Exercise objective => Your output should be every line below, copied exactly.

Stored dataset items
* * * * *

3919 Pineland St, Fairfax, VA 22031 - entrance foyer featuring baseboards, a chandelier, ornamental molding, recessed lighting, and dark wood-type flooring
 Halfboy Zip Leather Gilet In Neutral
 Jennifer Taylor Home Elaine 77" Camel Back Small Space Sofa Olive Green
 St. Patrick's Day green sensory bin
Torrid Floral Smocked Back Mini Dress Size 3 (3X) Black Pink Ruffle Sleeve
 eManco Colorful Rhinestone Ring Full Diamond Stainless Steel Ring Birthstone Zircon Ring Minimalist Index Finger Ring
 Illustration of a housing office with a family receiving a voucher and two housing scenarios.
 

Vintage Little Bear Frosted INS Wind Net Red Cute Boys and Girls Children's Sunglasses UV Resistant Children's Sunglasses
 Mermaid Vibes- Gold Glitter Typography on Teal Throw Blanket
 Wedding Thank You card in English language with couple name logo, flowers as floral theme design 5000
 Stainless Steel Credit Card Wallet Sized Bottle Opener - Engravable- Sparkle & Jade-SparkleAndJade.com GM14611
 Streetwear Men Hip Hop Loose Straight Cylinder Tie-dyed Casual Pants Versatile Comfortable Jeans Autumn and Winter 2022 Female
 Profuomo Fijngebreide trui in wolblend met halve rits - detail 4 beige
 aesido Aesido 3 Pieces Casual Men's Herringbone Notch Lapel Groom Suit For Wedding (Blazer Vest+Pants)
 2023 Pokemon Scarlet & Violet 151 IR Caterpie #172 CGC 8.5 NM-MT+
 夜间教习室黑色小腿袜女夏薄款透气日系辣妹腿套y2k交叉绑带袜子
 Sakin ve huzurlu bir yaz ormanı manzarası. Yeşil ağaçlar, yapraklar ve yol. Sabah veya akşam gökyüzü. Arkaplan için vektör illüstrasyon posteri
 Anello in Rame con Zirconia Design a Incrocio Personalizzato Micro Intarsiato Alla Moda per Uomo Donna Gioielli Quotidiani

* * * * *

Answer for the task =>
3919 Pineland St, Fairfax, VA 22031 - entrance foyer featuring baseboards, a chandelier, ornamental molding, recessed lighting, and dark wood-type flooring
 Halfboy Zip Leather Gilet In Neutral
 Jennifer Taylor Home Elaine 77" Camel Back Small Space Sofa Olive Green
 St. Patrick's Day green sensory bin
Torrid Floral Smocked Back Mini Dress Size 3 (3X) Black Pink Ruffle Sleeve
 eManco Colorful Rhinestone Ring Full Diamond Stainless Steel Ring Birthstone Zircon Ring Minimalist Index Finger Ring
 Illustration of a housing office with a family receiving a voucher and two housing scenarios.
 

Vintage Little Bear Frosted INS Wind Net Red Cute Boys and Girls Children's Sunglasses UV Resistant Children's Sunglasses
 Mermaid Vibes- Gold Glitter Typography on Teal Throw Blanket
 Wedding Thank You card in English language with couple name logo, flowers as floral theme design 5000
 Stainless Steel Credit Card Wallet Sized Bottle Opener - Engravable- Sparkle & Jade-SparkleAndJade.com GM14611
 Streetwear Men Hip Hop Loose Straight Cylinder Tie-dyed Casual Pants Versatile Comfortable Jeans Autumn and Winter 2022 Female
 Profuomo Fijngebreide trui in wolblend met halve rits - detail 4 beige
 aesido Aesido 3 Pieces Casual Men's Herringbone Notch Lapel Groom Suit For Wedding (Blazer Vest+Pants)
 2023 Pokemon Scarlet & Violet 151 IR Caterpie #172 CGC 8.5 NM-MT+
 夜间教习室黑色小腿袜女夏薄款透气日系辣妹腿套y2k交叉绑带袜子
 Sakin ve huzurlu bir yaz ormanı manzarası. Yeşil ağaçlar, yapraklar ve yol. Sabah veya akşam gökyüzü. Arkaplan için vektör illüstrasyon posteri
 Anello in Rame con Zirconia Design a Incrocio Personalizzato Micro Intarsiato Alla Moda per Uomo Donna Gioielli Quotidiani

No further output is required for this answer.